Performance

Our GPU-based speech recognition platform can work with models, that are created with publicly available speech toolkits (KALDI, HTK, Sphinx, SRI LM toolkit).

The following table summarizes performance comparison of our GPU-enabled speech recognition engine with the reference implementation of the DNN-HMM hybrid of the KALDI toolkit:

The models were created in KALDI using the standard data for American English read news transcription (the classical Wall Street Journal (WSJ) speech corpus). The reference experiment script (egs/wsj/s5/..) was used without modification. The acoustic model (AM) was created using WSJ data only (LDC93S6B & LDC94S13B). The DNN had contained 5 layers of 2000 neurons. It was evaluating 3420 distributions. All language models (LMs), namely BCB05ONP, BCB05CNP and TCB20CNP, were taken from the WSJ distribution without any modification. The search network had ~82 Million Arcs for the tri-gram model (TCB20ONP) and ~6.5 Million Arcs for the bi-gram models (BCB05ONP & BCB05CNP).

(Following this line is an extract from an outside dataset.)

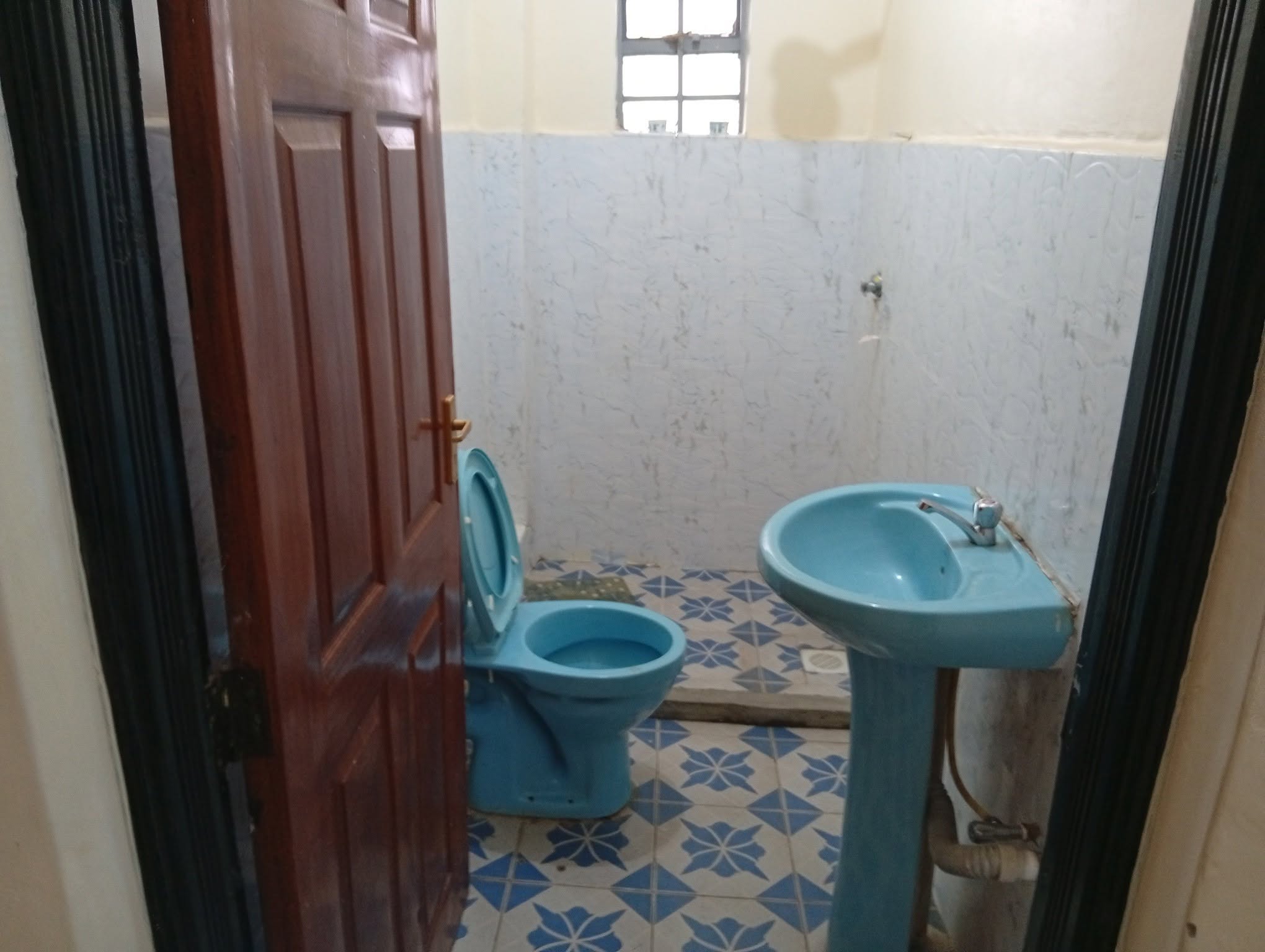 Modern & Spacious 2 Bedroom Mini Apartment To Let – Karen Image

- Accuracy of our GPU-enabled engine is approximately equal to that of the reference implementation. There is a small fluctuation of the actual Word Error Rate (WER) due to the differences in arithmetic implementation.

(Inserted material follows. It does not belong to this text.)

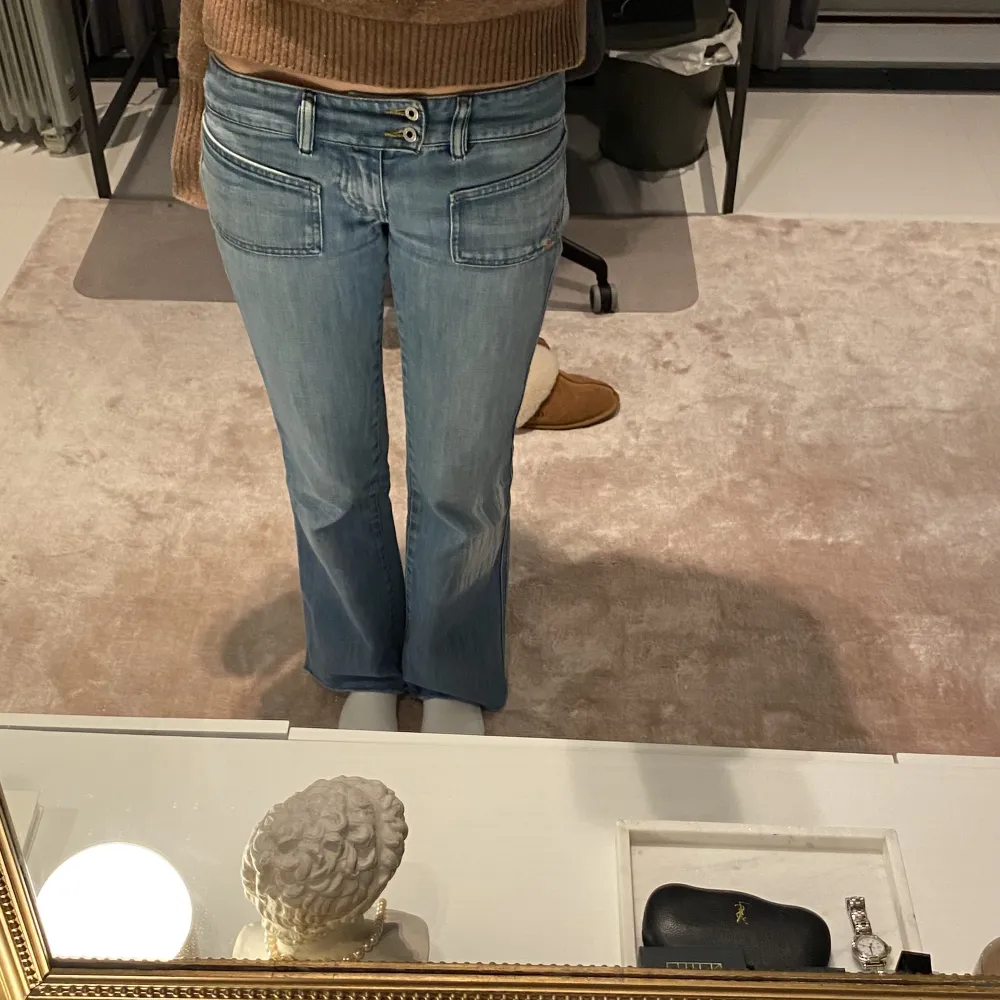 Skitsnygga unika dieseljeans! 😍 Passar perfekt för mig som är ca 164 cm lång. . Jeans & Byxor.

- For the single-channel recognition the TITAN-enabled engine is significantly (~7 times) faster than the reference implementation. This is important in tasks like serving ASR to a Spoken Dialogue System (SDS) or media-mining for specific spoken events.

- Our implementation of speech recognition in the mobile device (NVIDIA Tegra K1) enables twice faster than real-time processing without any degradation of accuracy.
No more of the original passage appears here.